Но ни этим дипломом, который он просил выслать ему немедленно в Женеву во французском переводе[738], ни этим паспортом, ни этим отвоеванным видом на жительство Бакст уже не воспользовался. Началась война. Семья сестры Софьи из пяти человек переехала в Женеву и обосновалась на полном содержании брата, до конца жизни едва сводившего концы с концами. А после победы в России, как писал Нижинский, «максималистов» о возращении уже не шло и речи. Несколько позже Бакст употребил свои связи, в том числе знакомство в Грабарем, с тем чтобы позволить Любови Павловне с Андреем перебраться на Запад. Последнее десятилетие его жизни протекало между Парижем, Женевой и Лондоном, с частыми поездками в Венецию и двумя длительными турне по Америке: рассказов об этом периоде жизни Бакста существует достаточно.

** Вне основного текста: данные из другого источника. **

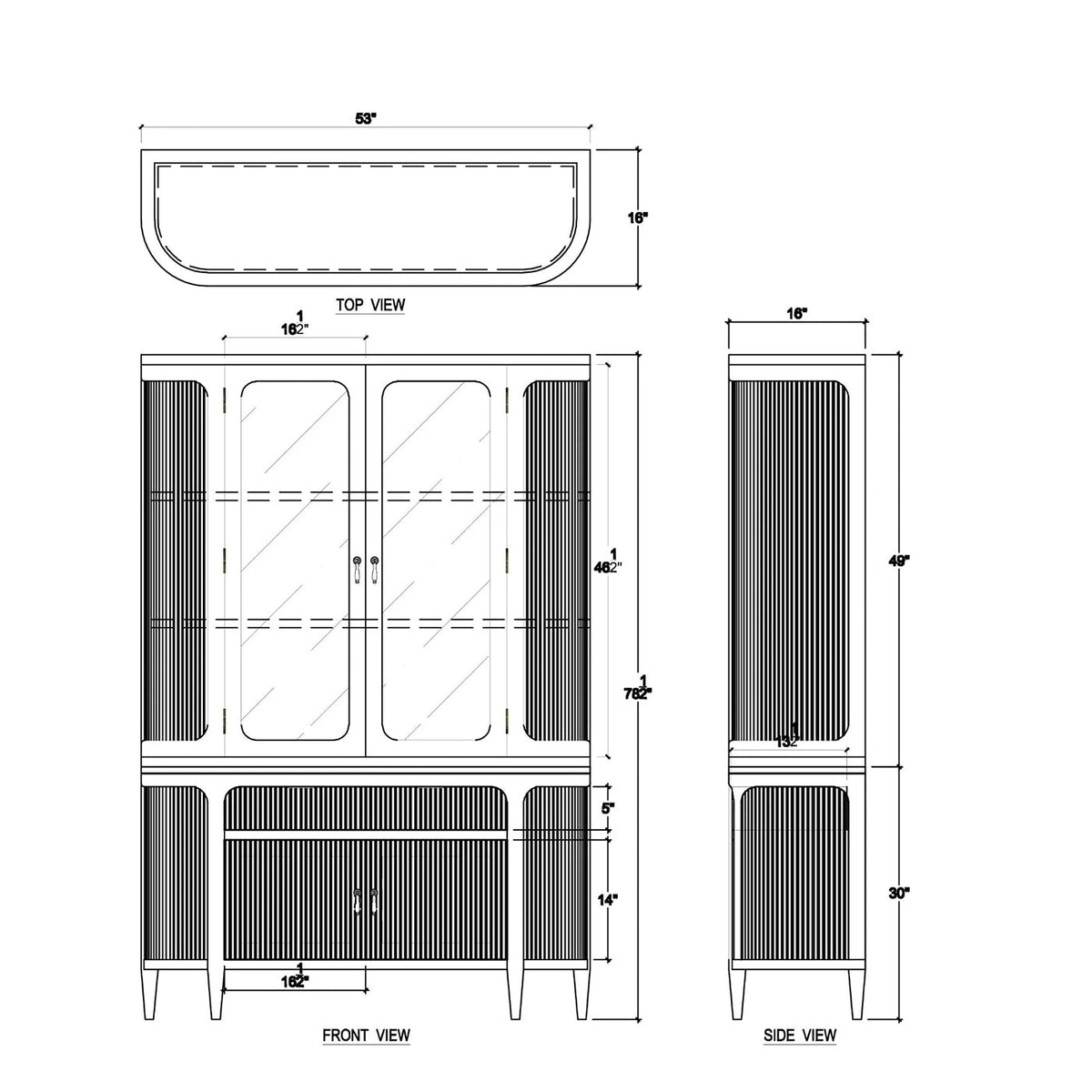 Modern Scandinavian Bookcase - English Georgian America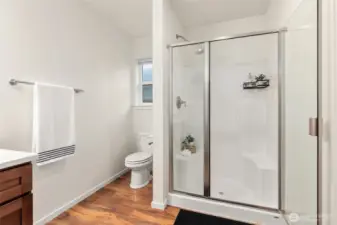 Primary bath with shower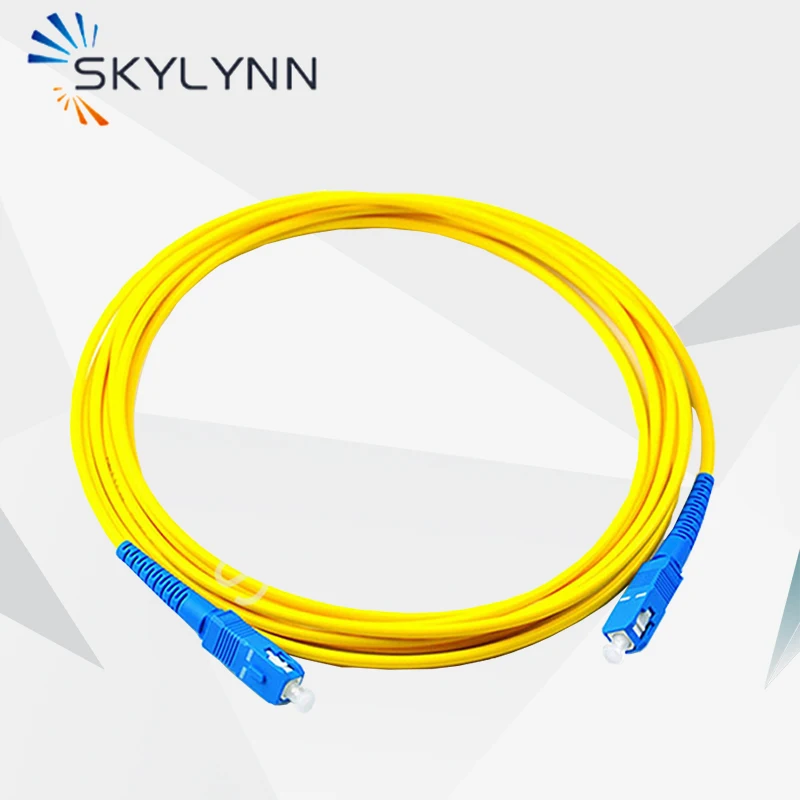 Factory Direct 100 PCS SC/UPC-SC/UPC Fiber Optic Patch Cord Simplex Single Mode G652D 2.0MM 5 Meter Length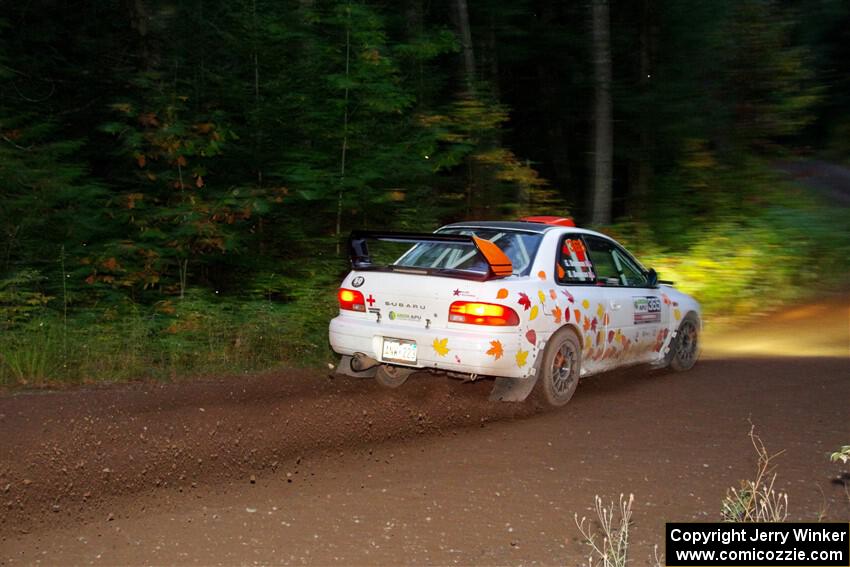 Richard Donovan / Greg Donovan Subaru Impreza on SS6, Bob Lake II.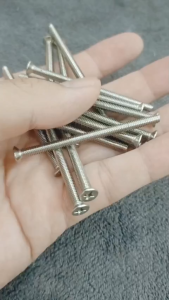 Bulong Inox 304 đầu bằng M4x60 mm (Ø 4mm - dài 6cm) (100g~23 cái) #vattuducduyen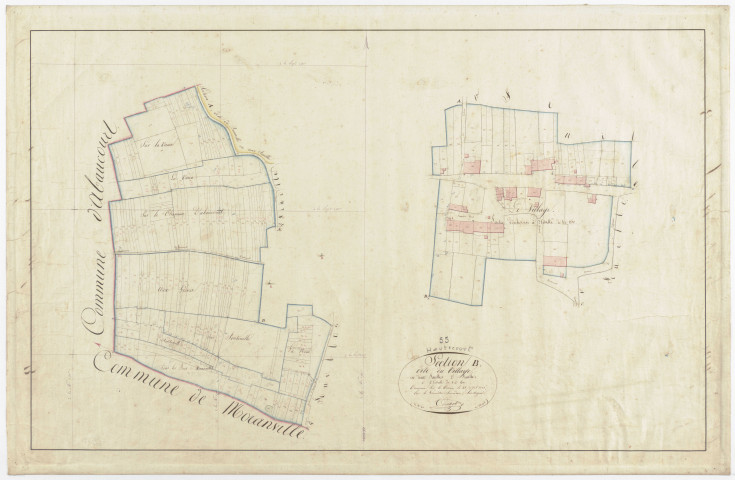 HAUTECOURT - Section B - du Village - feuille 02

И все же, прежде чем обратиться к последнему эпизоду нашей истории, отметим еще одно немаловажное обстоятельство. Одновременно с «евреем» Бакстом символически тогда же отказали в праве на жительство и всей дягилевской антрепризе. Еще в январе 1911 года за «неприличный» костюм, то есть облегающее трико в стиле Возрождения, которое Бенуа называл стилем Карпаччо, Нижинского выгнали из Мариинского театра. Несмотря на невероятный успех Русских сезонов, который отражала как западная, так и русская пресса[739], Дягилеву всячески препятствовали в показе его постановок «в столицах», в Петербурге и Москве. «Так-то нас встречает родина, – писал тогда Стравинский Александру Бенуа. – Видно, мы ей не нужны»[740].

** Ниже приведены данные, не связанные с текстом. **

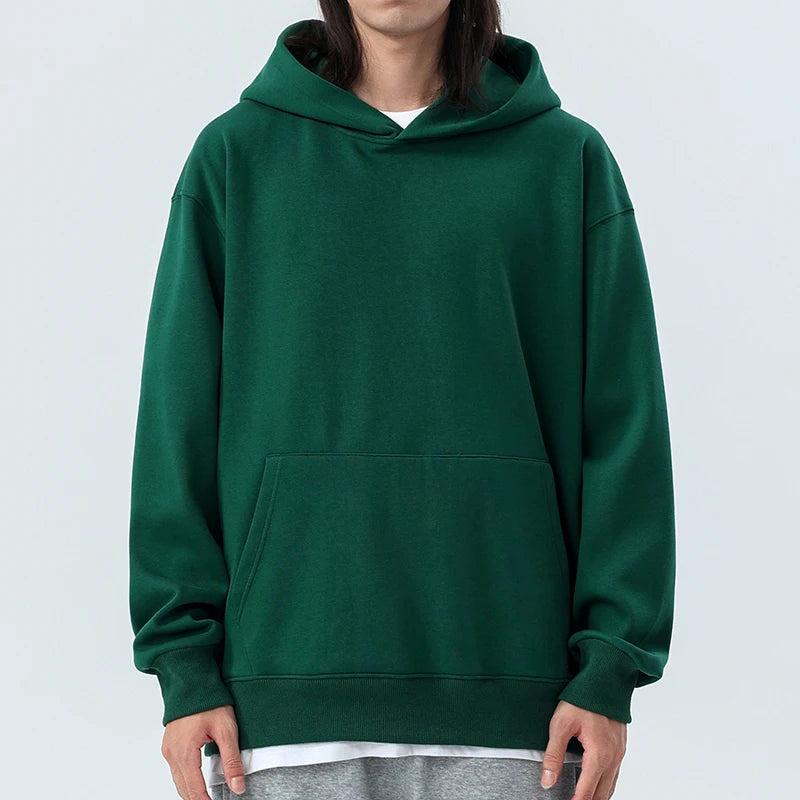 Men Thickened Tight Polar Fleece Pullover Hoodie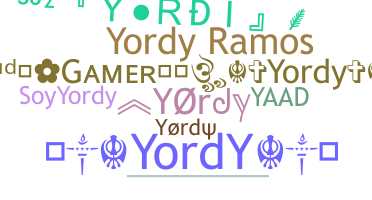उपनाम - Yordy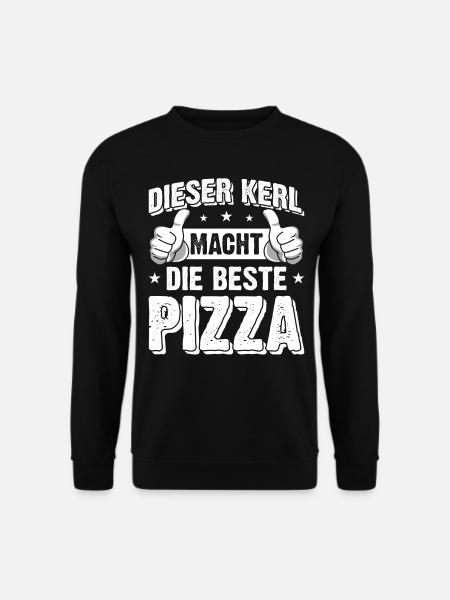 Pizzabäcker - Unisex Pullover - Schwarz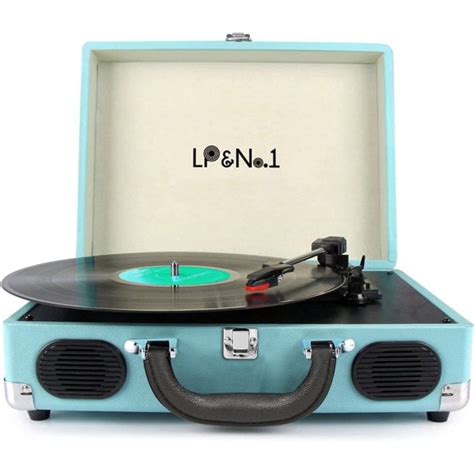 Lpandno1 Portable Suitcase Record Player With Stereo Speaker3 Speeds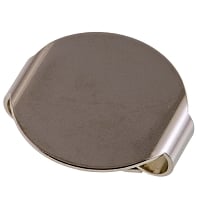 Glue-on Disc Bolo Slide 16mm Silver Color (1-Pc)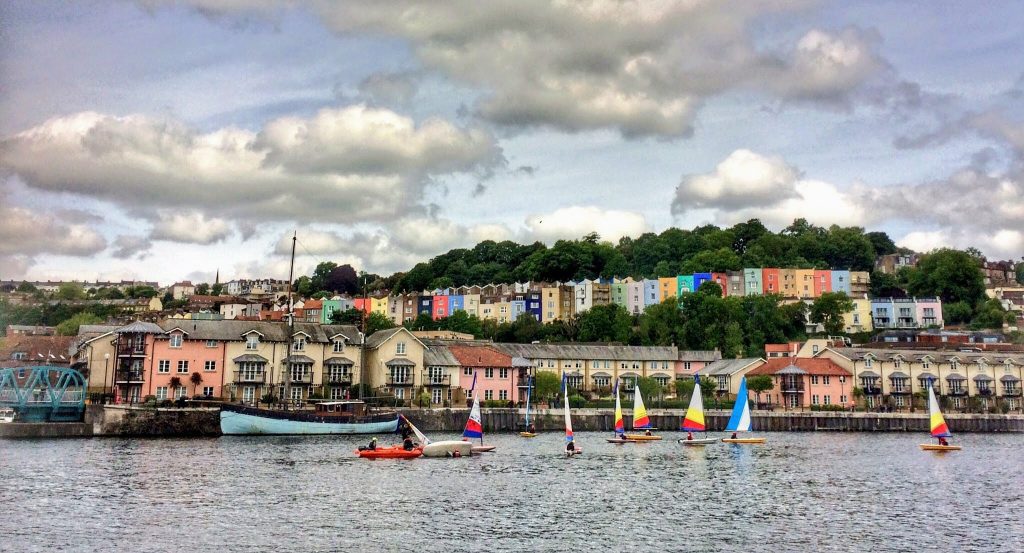 Bristol Harbourside. Read this article to discover the top 10 things to see in Bristol, England, where to eat in Bristol, and where to stay in Bristol. #bristol #england #uk #bristoltraveling #travelbuide #bristolguide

«Бакст – ученый, элегантный, многоликий и столь переимчивый, что, чтобы найти ему подобного в этом всецелом усвоении чужого, надо дойти до Филиппино Липпи»[741], – писал Максимилиан Волошин в 1909 году. Как мы уже видели, сам термин «Возрождение», имена художников этой эпохи пестрят в текстах и самого Бакста, и тех, кто создавал его прижизненную репутацию и «историю». Мы помним, что Левинсон сравнивал декорации «Нарцисса» с картинами Мантеньи. В своей статье «Античность в 1912 году»[742], бывшей ответом на критику «Фавна» директором Фигаро Гастоном Кальметтом, о которой мы уже упоминали, художник Жак-Эмиль Бланш описал спектакль как одно из проявлений нового Возрождения. Только на этот раз возрождалась «античность примитивная», архаика. Бланшу вторили Пьер Луис, Одилон Редон и Роден[743]. Последний вылепил Нижинского в роли Фавна, одноногого, с плечами в фас и головой в профиль, сделав творенье Бакста частью своего собственного ренессансного дискурса о теле и движении[744]. Так же точно поступил и его ученик Бурдель, украсив рельефом c Фавном театр на Елисейских Полях, тот самый, что строил Габриэль Астрюк – друг и импресарио Дягилева, Бакста, Иды Рубинштейн.